Loker J, Darragh R, Ensing G, Caldwell R
University Medical Center, Riley Hospital for Children, Indianapolis, IN 46202.
J Heart Lung Transplant. 1994 Nov-Dec;13(6):1014-8.
Eleven children who received transplants at less than 2 years of age underwent 59 echocardiograms at the time of endomyocardial biopsy for the assessment of the ability of echocardiography to predict acute rejection in the infant heart transplant recipient. Two patients died of acute rejection and autopsy findings were compared with premortum echocardiograms. Biopsy specimens were graded as no rejection (n = 46), mild rejection (cellular infiltrate, n = 5), or moderate-severe rejection (myocyte necrosis/edema, n = 8). Echocardiographic indexes measured included the following: left ventricular mass, left ventricular volume, ejection fraction, heart rate, and peak rate of posterior wall thinning. Compared with controls, patients during mild rejection had slower posterior wall diastolic thinning (p < 0.01). No significant change was noted in left ventricular mass until endomyocardial biopsy specimens showed severe rejection. No significant changes were noted in heart rate or ejection fraction in any of the groups. In conclusion, decrease in the peak rate of posterior wall diastolic thinning may be a sensitive indicator of acute rejection in the infant heart transplant recipient.

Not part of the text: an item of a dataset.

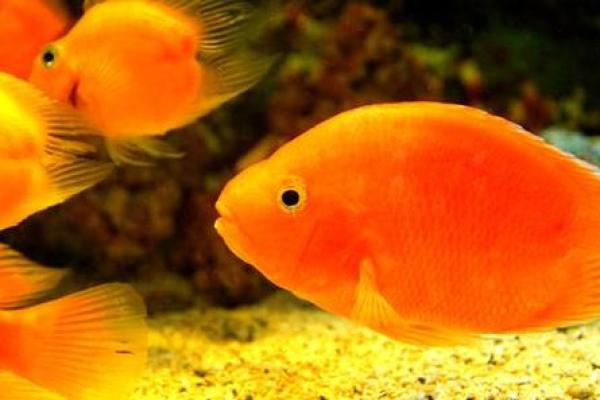 风水角度鱼从鱼缸里跳出来有什么寓意预兆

11名在2岁以下接受移植的儿童在进行心内膜心肌活检时接受了59次超声心动图检查,以评估超声心动图预测婴儿心脏移植受者急性排斥反应的能力。2名患者死于急性排斥反应,并将尸检结果与死前超声心动图进行了比较。活检标本分为无排斥反应(n = 46)、轻度排斥反应(细胞浸润,n = 5)或中度至重度排斥反应(心肌细胞坏死/水肿,n = 8)。测量的超声心动图指标包括:左心室质量、左心室容积、射血分数、心率和后壁变薄峰值速率。与对照组相比,轻度排斥反应患者的后壁舒张期变薄较慢(p < 0.01)。在心内膜心肌活检标本显示严重排斥反应之前,左心室质量没有显著变化。任何一组的心率或射血分数均无显著变化。总之,后壁舒张期变薄峰值速率降低可能是婴儿心脏移植受者急性排斥反应的一个敏感指标。